Two sides of similar regular polygons are in the ratio of 5 : 4. The sum of their perimeters is 20. Find the
perimeters of each polygon
With X = the smaller perimeter,
X + (5/4)X = 20
Solve for X
To find the perimeters of each polygon, let's first assign variables to the lengths of the sides. Let's say the length of a side of the first polygon is 5x, and the length of a side of the second polygon is 4x.
The sum of their perimeters is 20, so we can set up an equation:
Perimeter of first polygon + Perimeter of second polygon = 20
Since the perimeters of regular polygons are given by the formula P = n * s, where P is the perimeter, n is the number of sides, and s is the length of a side, we can write the equation as:
(5x * n1) + (4x * n2) = 20
Now, we need to determine the values of n1 and n2 - the number of sides of each polygon. Since both polygons are regular, they will have the same number of sides. So let's denote the number of sides of each polygon as just n.
(5x * n) + (4x * n) = 20
Combining like terms:
9x * n = 20
Now, since n represents the number of sides of the polygon, it must be a positive integer. Looking at the equation, we see that if n = 1, then the product 9x * n = 9x, which is less than 20. If n = 2, then the product 9x * n = 18x, which is still less than 20. However, if n = 3, then the product 9x * n = 27x, which is greater than 20. This suggests that n should be 2.
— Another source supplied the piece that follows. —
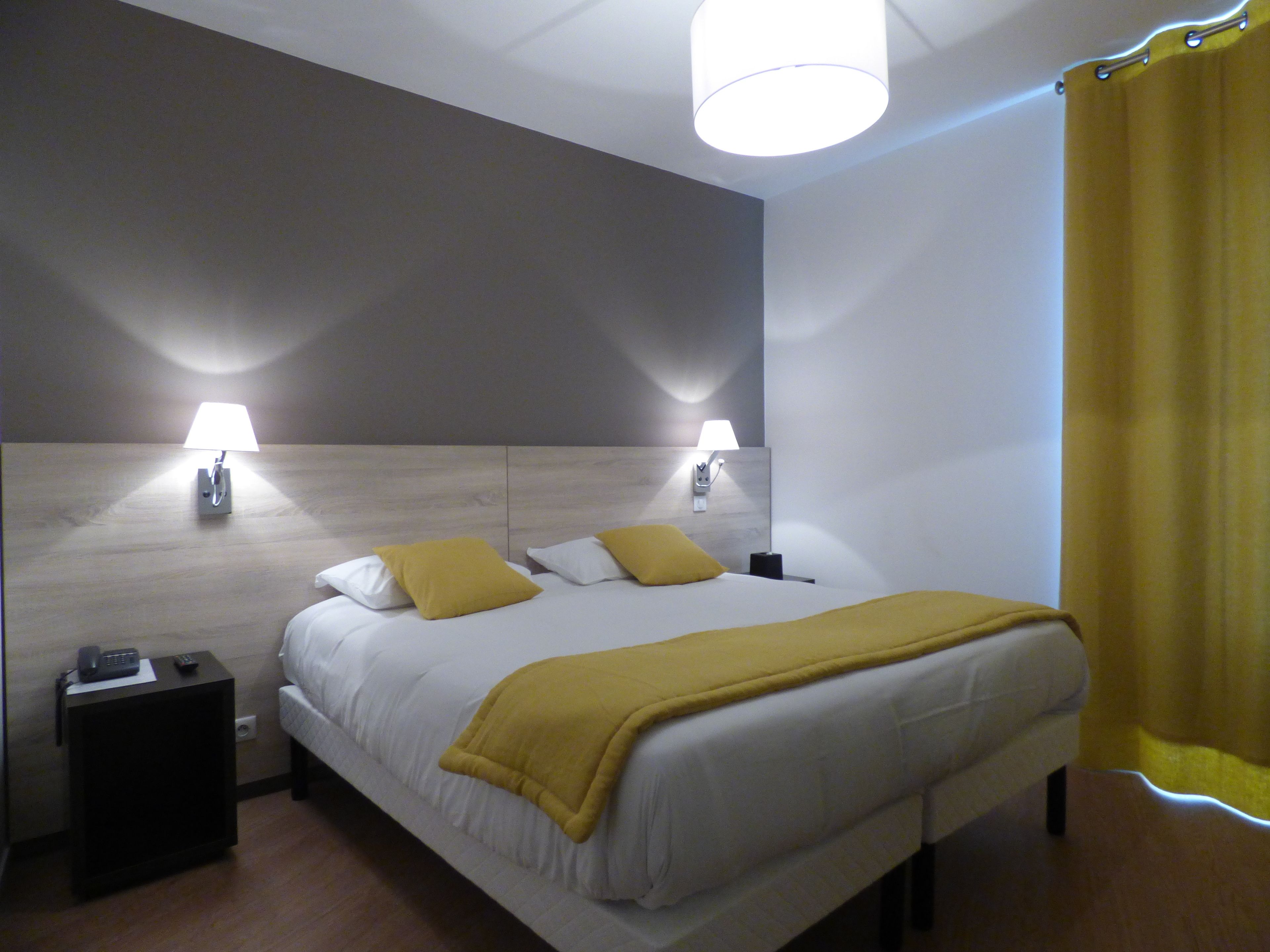 comfort room | individually decorated, desk, blackout curtains, soundproofing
Substituting n = 2 into the equation:
9x * 2 = 20
18x = 20
Dividing both sides by 18:
x = 20/18
Simplifying:
x = 10/9
Now we can find the lengths of the sides:
Length of a side of the first polygon = 5x = 5 * (10/9) = 50/9
Length of a side of the second polygon = 4x = 4 * (10/9) = 40/9
To find the perimeters of each polygon, we multiply the length of a side by the number of sides:
Perimeter of the first polygon = (50/9) * 2 = 100/9
Perimeter of the second polygon = (40/9) * 2 = 80/9
Therefore, the perimeters of the polygons are 100/9 and 80/9 respectively.